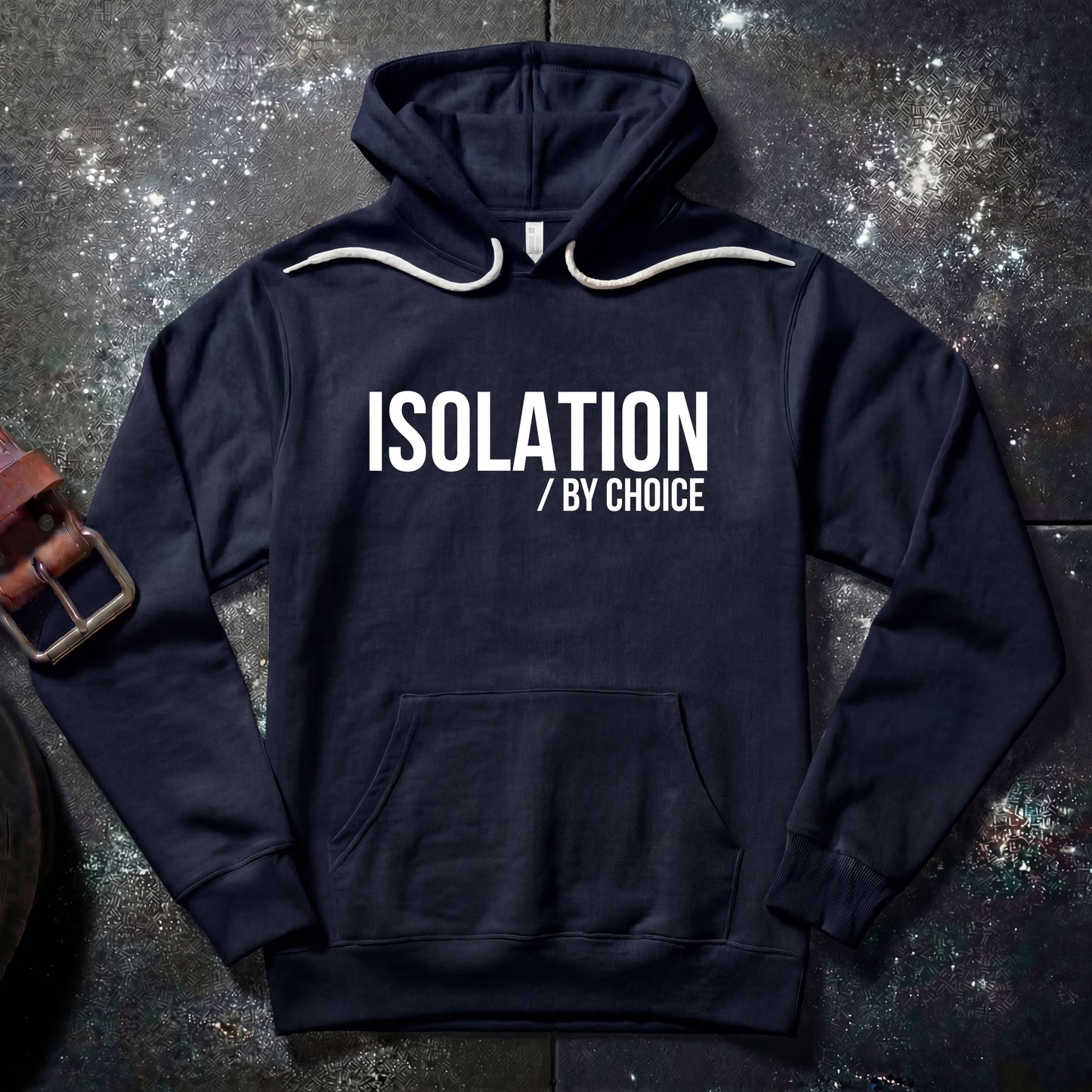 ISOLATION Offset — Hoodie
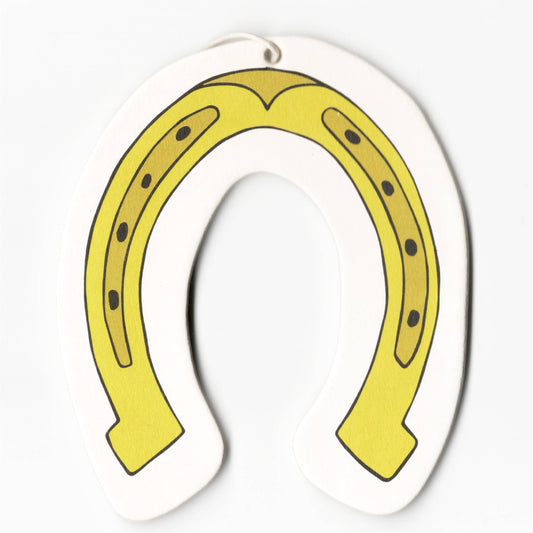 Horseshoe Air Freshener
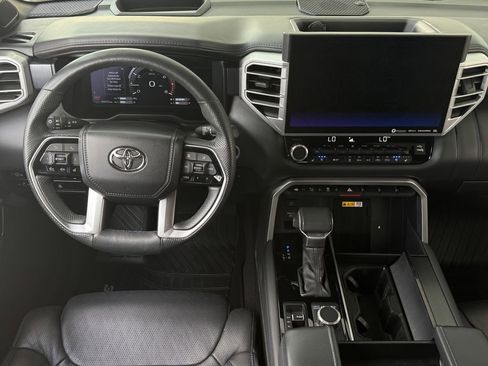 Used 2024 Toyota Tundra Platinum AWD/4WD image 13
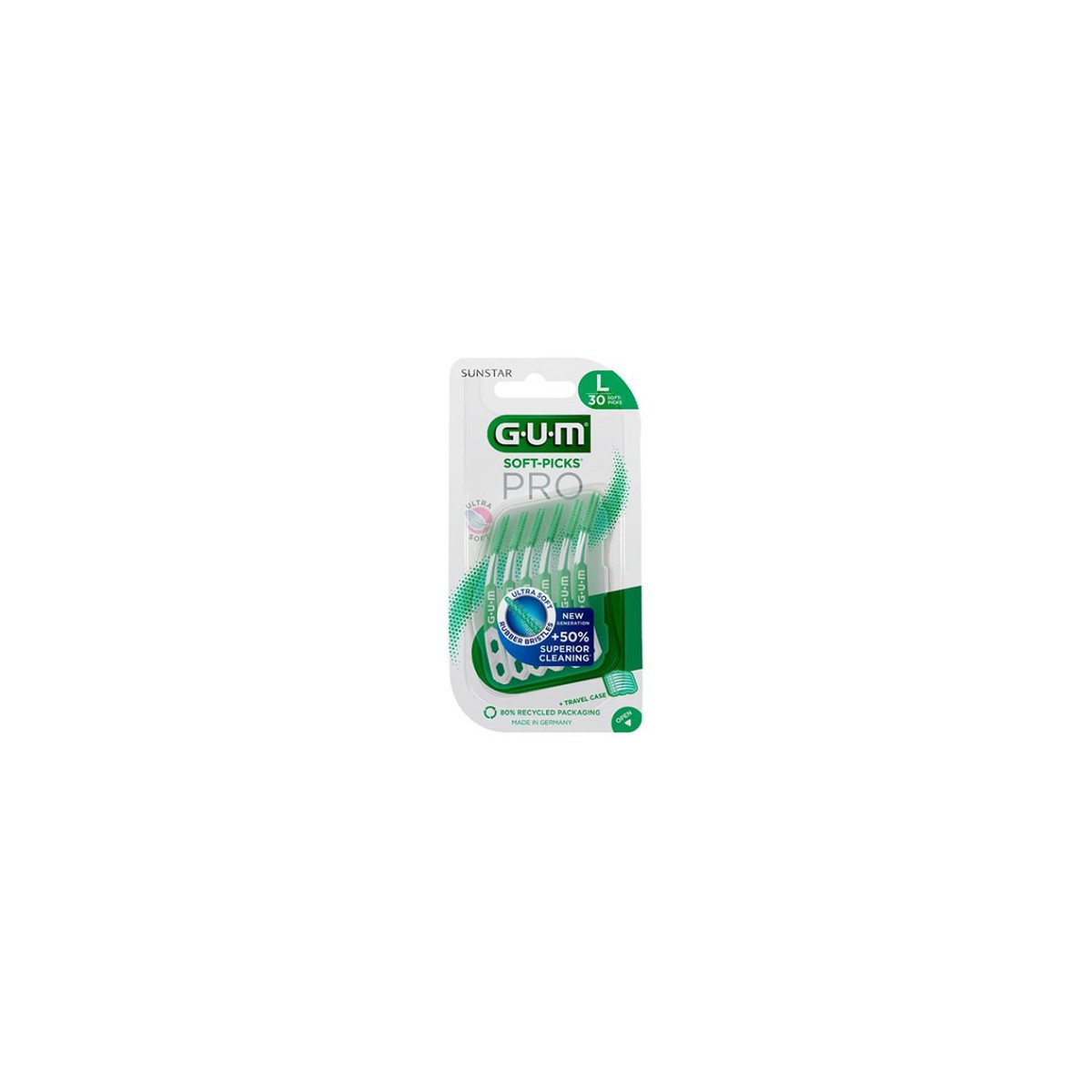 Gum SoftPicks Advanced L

-=-=-

EXERCISE GOAL:
Could each line of the data be written out exactly, with no pictures included?

OUTPUT BELOW:
 ISOLATION Offset — Hoodie
 Horseshoe Air Freshener
 Used 2024 Toyota Tundra Platinum AWD/4WD image 13
 Gum SoftPicks Advanced L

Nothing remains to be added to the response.